In vitro morpho-physiological characterization of cassava accessions according to salinity tolerance

Description of the subject. In Senegal, manioc tuber production targets are increasing every year. However, salinization is a major constraint to its cultivation due to salt-affected land and irrigation water. Objectives. The objective of this study was to evaluate in vitro the physiological and morphological response to salinity stress (NaCl) of cassava accessions in order to identify the most tolerant and their tolerance threshold. Method. In vitro cultured explants were exposed to different concentrations of NaCl (0, 1, 1.5, 2, 2.5, and 3 g.l(-1)) to determine the most tolerant accessions and their tolerance threshold. The stress impact was measured by the height of vitroplants, the rooting ability of vitroplants, the fresh and dry biomass, and the leaves' chlorophyll content. Results. The results showed that NaCl significantly reduced in vitro plant growth and biosynthesis of chlorophylls a, b and total in in vitro plant leaves. The leaves of the vitroplants were more sensitive to the depressive effects of salinity than the roots.
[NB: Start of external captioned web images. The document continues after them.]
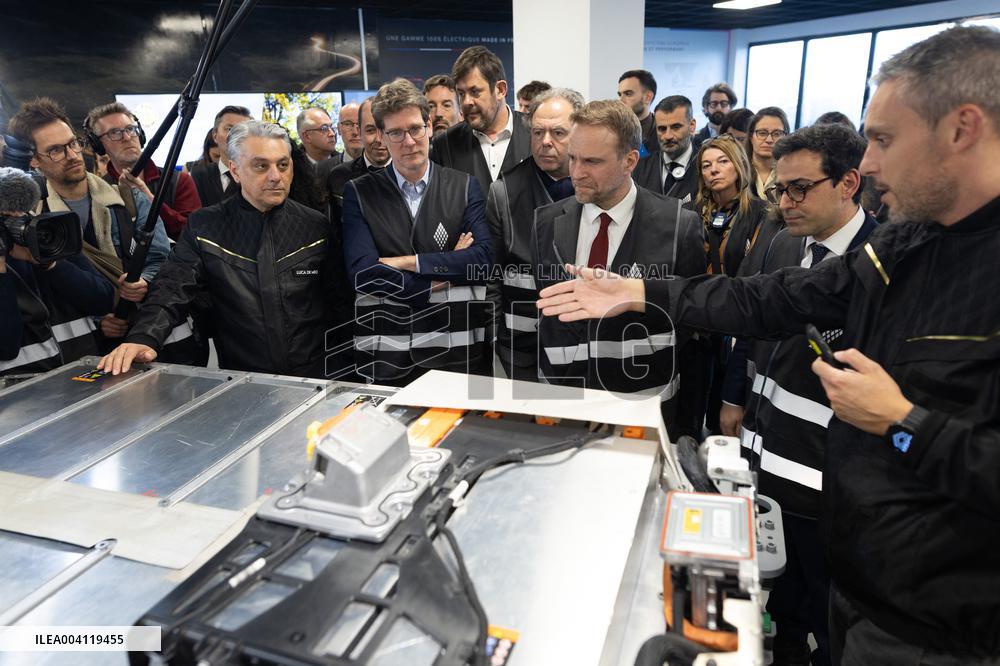 Visit of the Ampere ElectriCity Renault Manufacture site - Douai RL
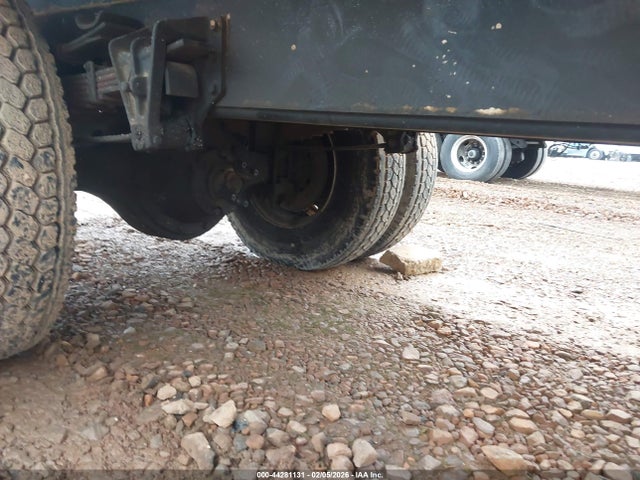 44281131 :رقم المزاد ، 1HTSCABP9XH697117 vin ، 1999 International 4000 4700 مزاد بيع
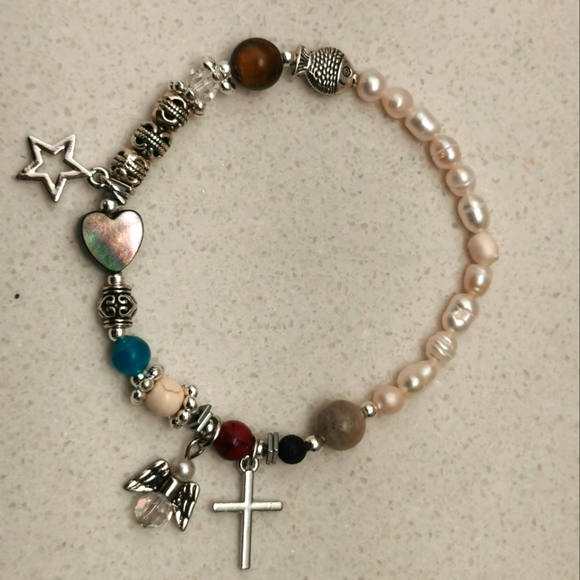 CHARITY - Silver Life of Jesus Bracelet - Picture 3 of 7
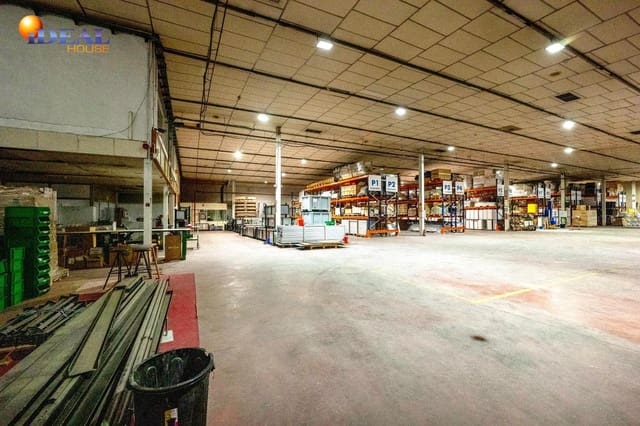 Empresa para venda em Albolote com garagem - 1 850 000 € (Ref: 9434043)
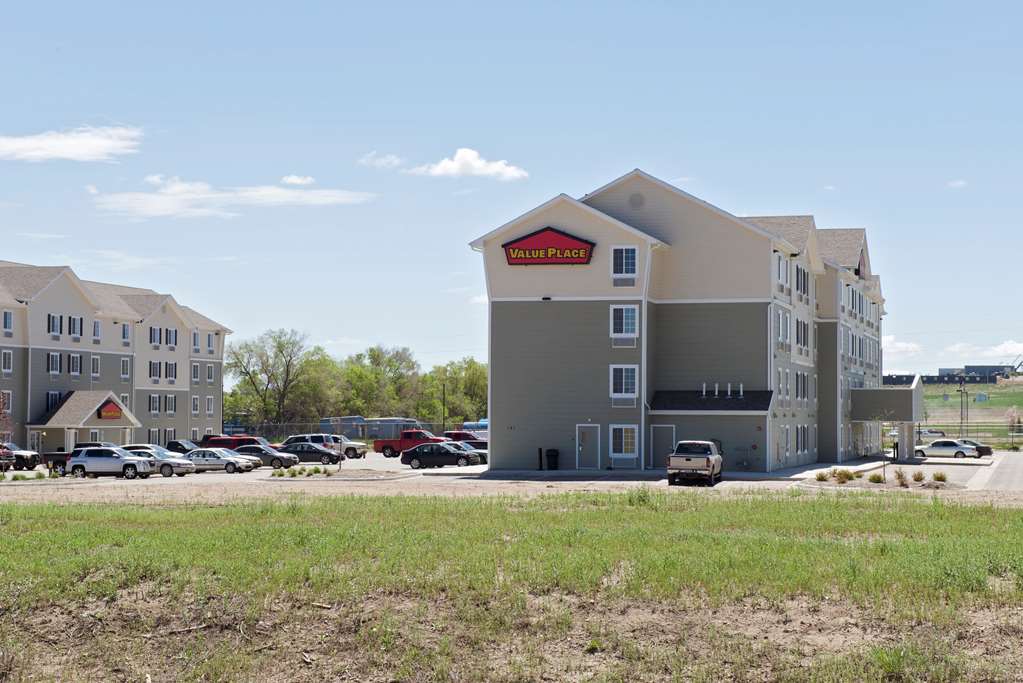 Woodspring Suites Williston Eksteriør billede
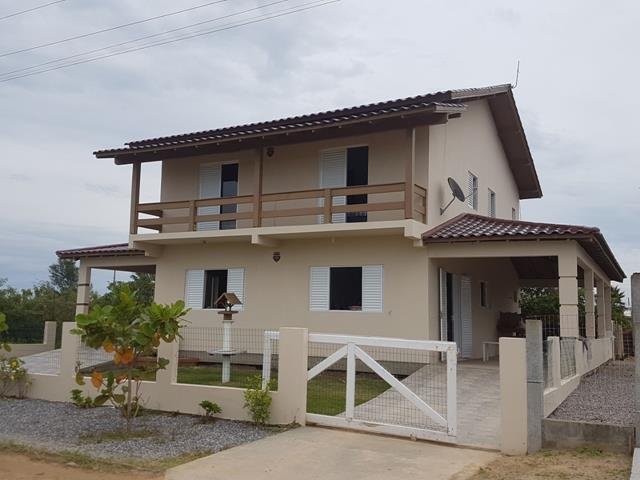 Casa Geminada - Venda - Itapiruba Sul - Laguna - SC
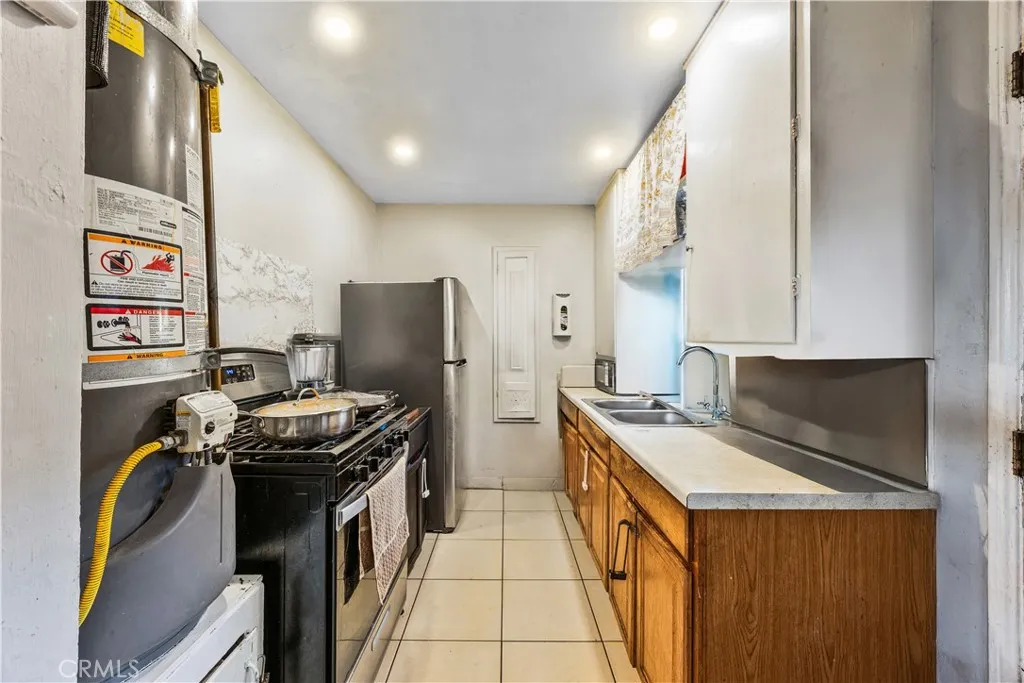 6041 Ferguson Drive, Commerce, California 90022 home-pic-20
Two critical sensitivity thresholds to the adverse effects of salinity were identified at 1.5 and 2 g.l(-1) NaCl for physiological and morphological parameters, respectively. The salinity index (SI) is a relevant morphological criterion for assessing the salinity tolerance of cassava vitroplants. The method used can be adopted for rapid, large-scale screening of cassava varieties and/or accessions for salinity tolerance. Conclusions. In vitro micropropagation is a technique that can be adopted for rapid, large-scale screening of cassava accessions for salinity tolerance. The levels of chlorophylls biosynthesized by in vitro plants can be considered as relevant biochemical indicators for determining the sensitivity of in vitro plants to salt (NaCl).